Someone at work noted that I "never smile anymore", and that when I do it's a false smile. I've never been one to smile that much anyway, for a couple of reasons: firstly, it takes so many muscles to keep one on my face that I quickly get tired; secondly, I have really big lips and quite a thin face, so when I do smile it takes over everything, at which point I grow self-conscious. The truth is though that I have been smiling less lately, and I don't know quite why. Has my life taken a turn for the worse? Is it just that I'm getting older and sadder?
Maybe not. After a lot of consideration I've decided that nostalgia for the simplicity of youth is a self-deception born of the fact that we assume that we regarded childhood issues when we were children in the same way that we would as adults. But I know that not being able to tie my shoe laces at the age of six caused me as much stress as an existential crisis at the age of eighteen does, and resolution seemed just as distant.
Still, I think perhaps I've developed a habit of turning to sobering thoughts rather too frequently, and it hasn't been solely due to soured romance. Actually I'd describe it more as a sobering lack of thought. I'll be in the middle of some reverie, and suddenly everything falls away and I almost hear this voice saying "What now? What next?". Then I'll have five minutes of thinking nothing, feeling... empty I guess. It's like the engine of my mind is giving warning sounds to indicate that unless drastic action is taken, it's going to grind to a halt. So I have to distract my mind from its flagging reserves, whether it's by drinking myself into a stupor, dancing myself into a quivering heap, or being a complete bitch (and yes, that side is growing exponentially).

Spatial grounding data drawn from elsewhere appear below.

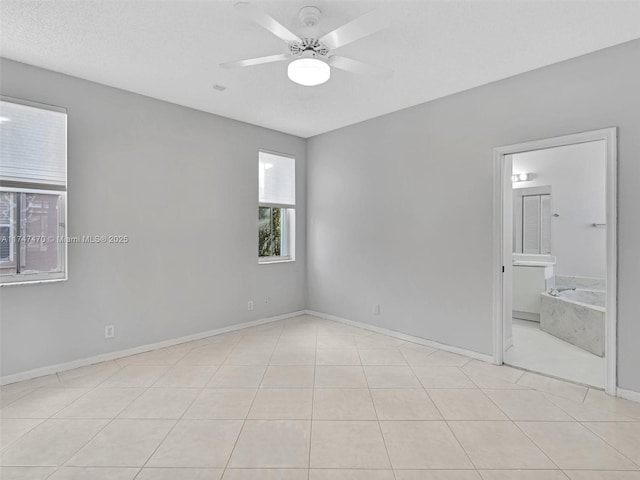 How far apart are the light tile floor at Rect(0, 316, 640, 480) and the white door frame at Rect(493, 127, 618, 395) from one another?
31cm

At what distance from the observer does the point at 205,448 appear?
2.04m

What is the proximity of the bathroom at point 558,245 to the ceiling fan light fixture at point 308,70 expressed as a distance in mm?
3355

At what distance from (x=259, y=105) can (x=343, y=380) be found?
10.1 ft

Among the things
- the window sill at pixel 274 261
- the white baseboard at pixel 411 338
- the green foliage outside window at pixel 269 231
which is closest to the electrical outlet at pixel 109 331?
the window sill at pixel 274 261

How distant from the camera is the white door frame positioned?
2.68 m

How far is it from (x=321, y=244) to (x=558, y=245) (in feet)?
12.3

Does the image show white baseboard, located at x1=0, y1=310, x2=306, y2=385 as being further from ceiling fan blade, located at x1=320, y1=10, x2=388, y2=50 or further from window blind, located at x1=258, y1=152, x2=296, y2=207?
ceiling fan blade, located at x1=320, y1=10, x2=388, y2=50

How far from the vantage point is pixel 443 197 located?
12.4ft

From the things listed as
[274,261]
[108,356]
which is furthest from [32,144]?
[274,261]

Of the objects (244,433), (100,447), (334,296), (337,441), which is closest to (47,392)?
(100,447)

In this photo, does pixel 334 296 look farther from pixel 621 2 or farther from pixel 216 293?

So what drastic action is needed? A new direction, maybe. A new job would be nice. Ultimately though I think I need a passion. Not someone else (though God knows that whether that sort of thing happens or not has nothing to do with whether you want it), but something else. Something that would stop me from being paralysed the moment superficial distractions are removed, so that I wouldn't need to do something eventful each day just to feel like I'd lived. So that I wouldn't build a minor issue into a mini-series just for the hell of it.
In a way music has been my substitute passion for a long time, and blogging for the past two months, but I'd like something that wasn't just a secret side of me I revealed to electronic souls at the dead of night. It's not that I need something to define myself by, but rather some sort of defence mechanism, a sort of "when in doubt, Tim concerns himself with this" clause. I've always disliked tunnel-vision political activists, largely because I've envied that sort of single-minded devotion to one idea. Maybe I'm just falling into the same trap that I complained of the other day (trying to make my life a story) but at least then I'd be writing deep and meaningful blog entries about something, rather than deep and meaningful blog entries about nothing.